- **Exercise requirements**
Don't include any picture when you restate the data word for word.

•••••

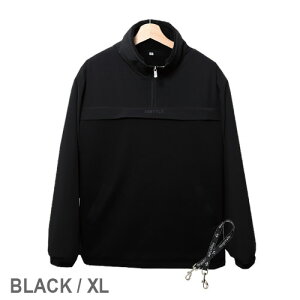 yԌF18,800~15,000~Iz{An[tWbviC{Au] jZbNX jp H ~ S-XL ^ I[i[EGA ybg  L hCu XO JK[ nO 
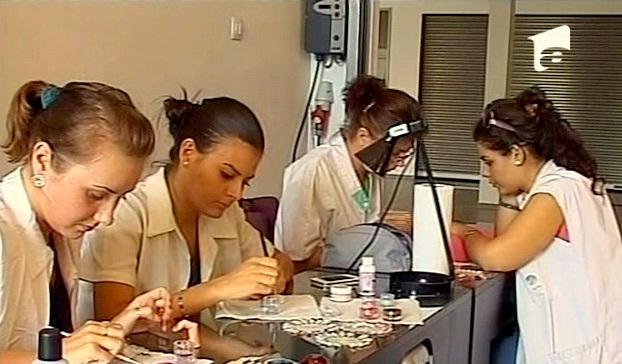 Comisia Europeana: Britanicii NU le pot interzice romanilor sa lucreze pe teritoriul Marii Britanii din 2014 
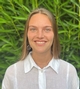 Mailu Niehaus (ab 01.10.2025)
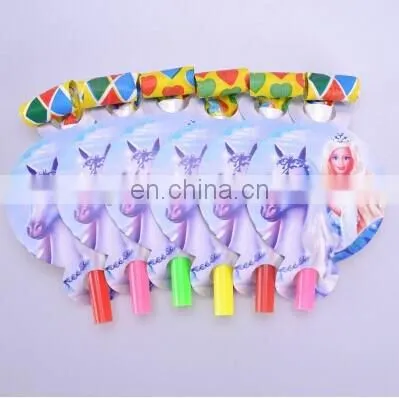 Party Blowers Party Supplies Blowouts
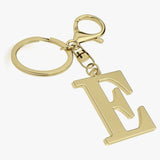 Luxe Bag Charm
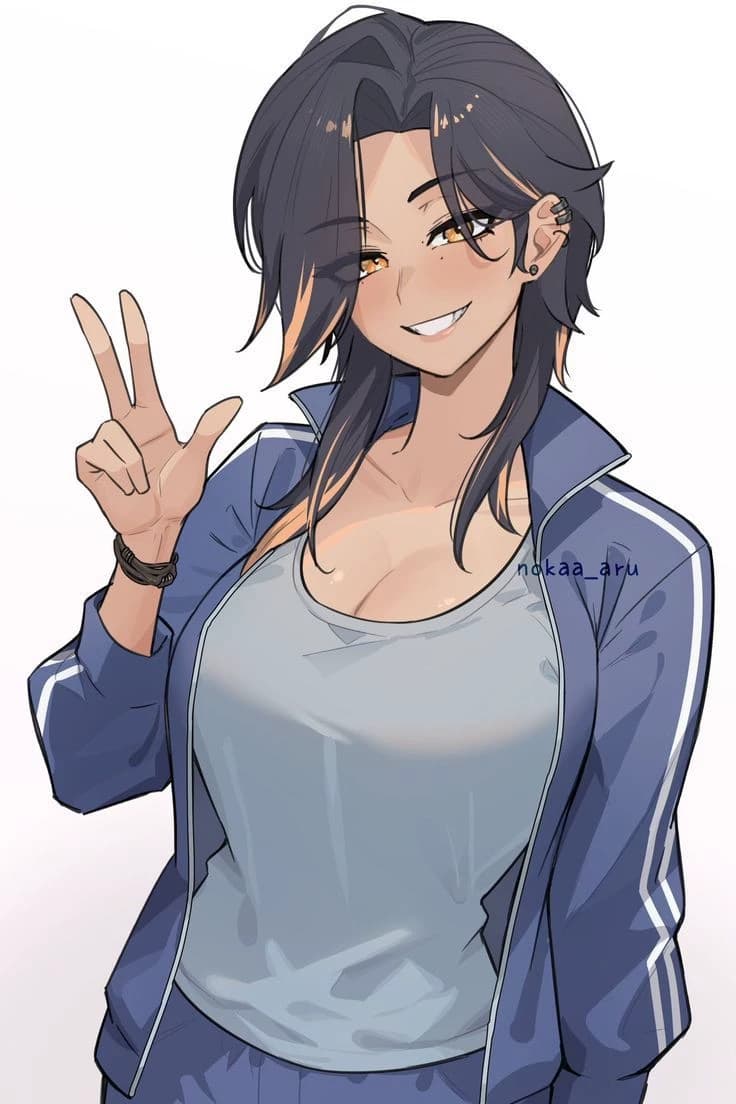 Akane thumbnail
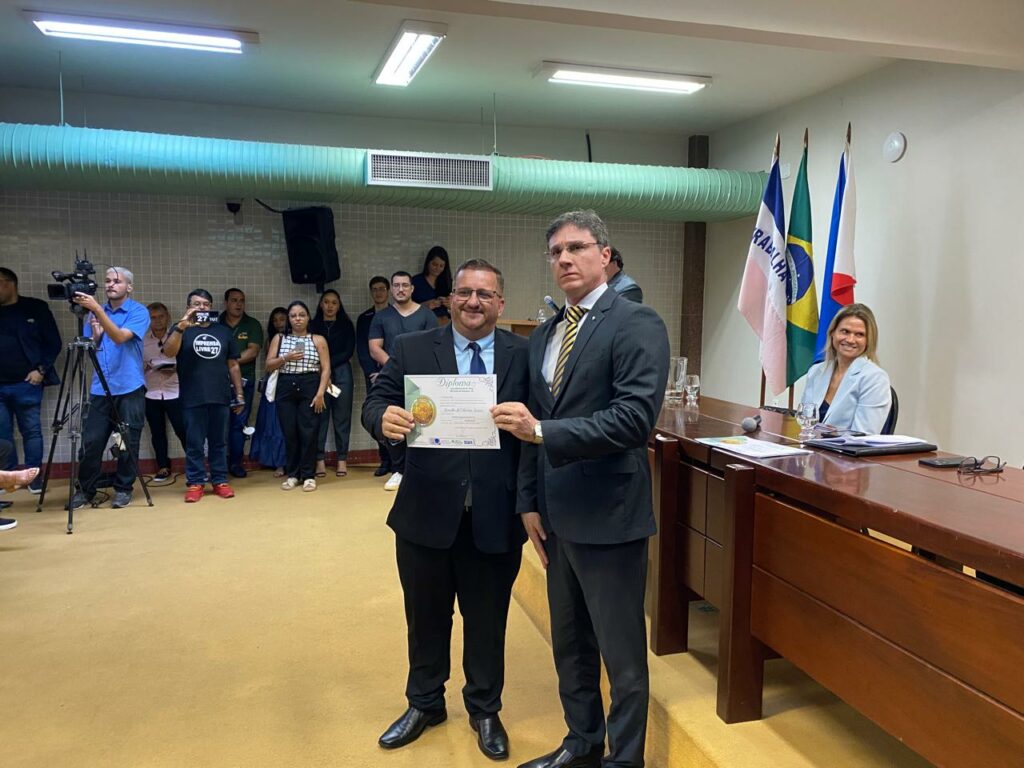 WhatsApp Image 2024 12 18 at 16.51.43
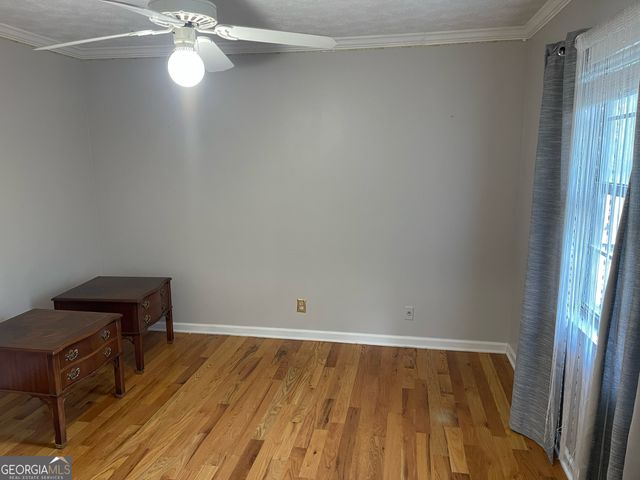 407 Northdale Court, Lawrenceville, GA 30046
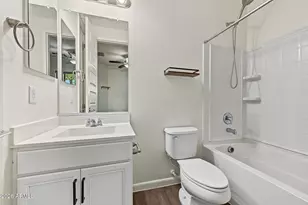 2090 S Dorsey Ln, Tempe, AZ 85282 - Photo 7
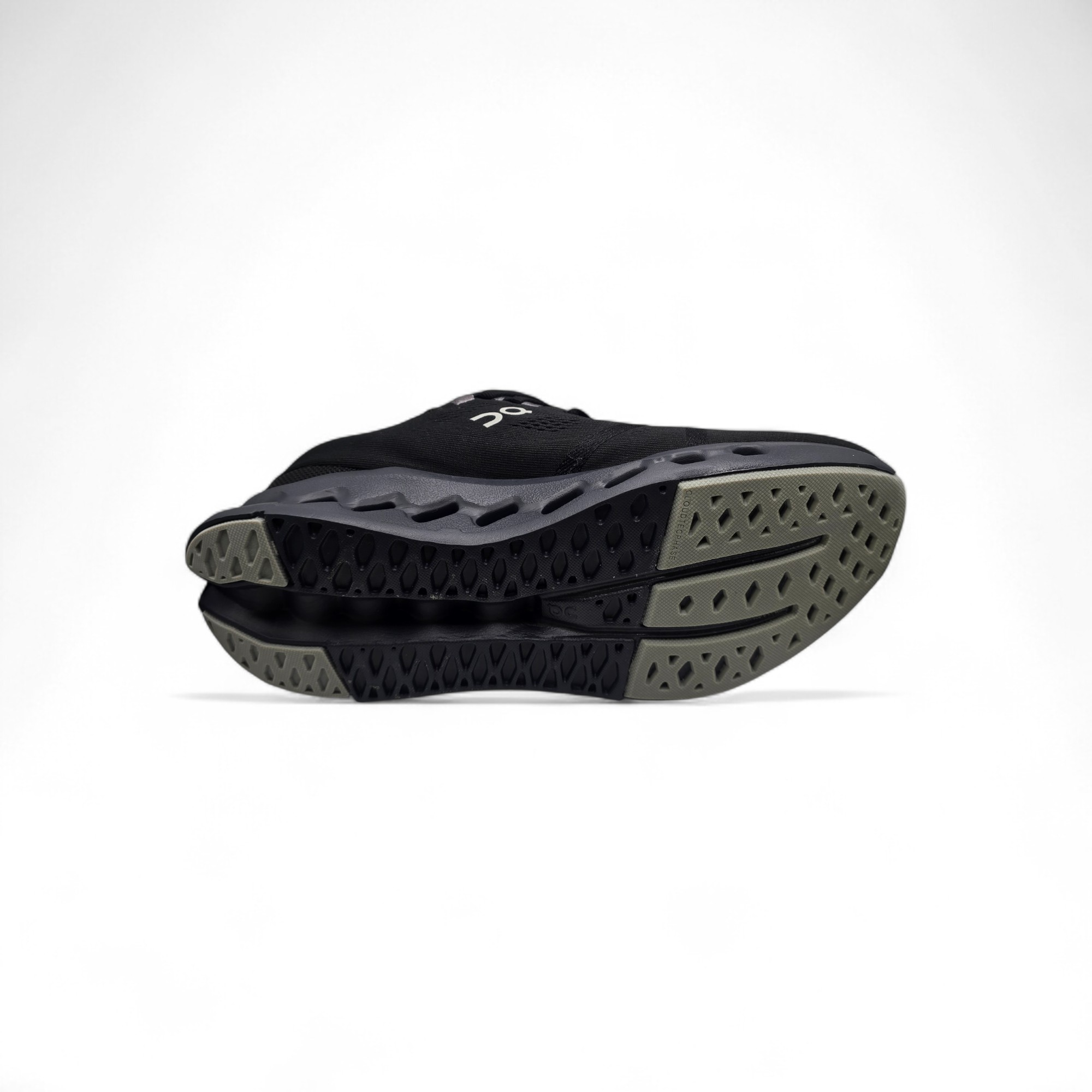 ATLETE UNISEX 3MD10420485WM             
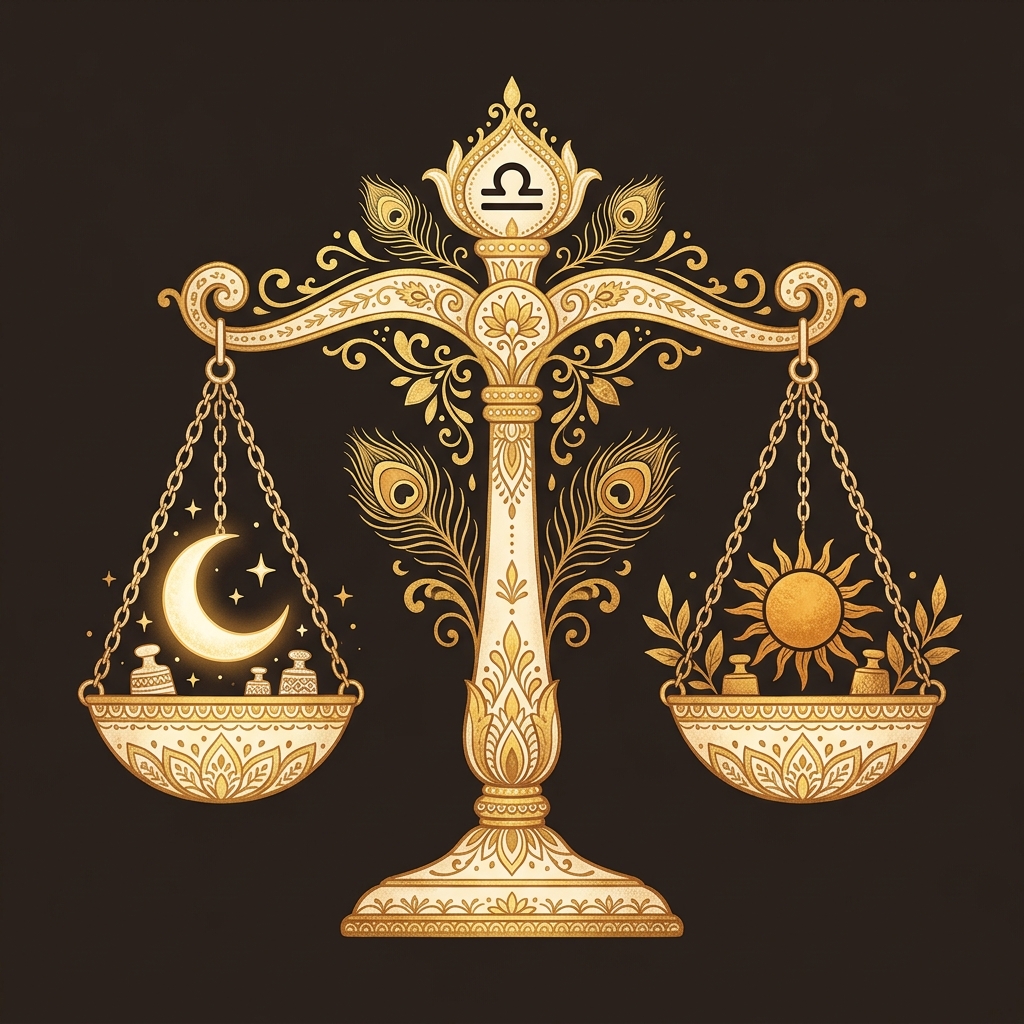 Libra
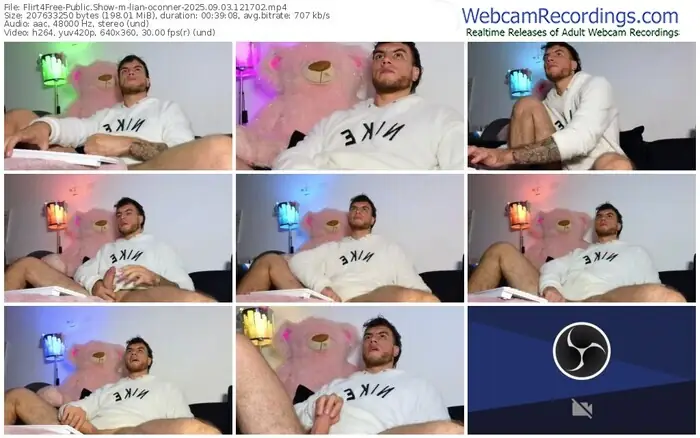 flirt4free-lian-oconner-09-03-2025-12-17-02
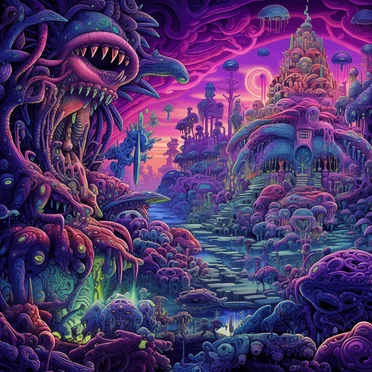 Netherlings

•••••

- **Solution below**
 yԌF18,800~15,000~Iz{An[tWbviC{Au] jZbNX jp H ~ S-XL ^ I[i[EGA ybg  L hCu XO JK[ nO 
 Comisia Europeana: Britanicii NU le pot interzice romanilor sa lucreze pe teritoriul Marii Britanii din 2014 
 Mailu Niehaus (ab 01.10.2025)
 Party Blowers Party Supplies Blowouts
 Luxe Bag Charm
 Akane thumbnail
 WhatsApp Image 2024 12 18 at 16.51.43
 407 Northdale Court, Lawrenceville, GA 30046
 2090 S Dorsey Ln, Tempe, AZ 85282 - Photo 7
 ATLETE UNISEX 3MD10420485WM             
 Libra
 flirt4free-lian-oconner-09-03-2025-12-17-02
 Netherlings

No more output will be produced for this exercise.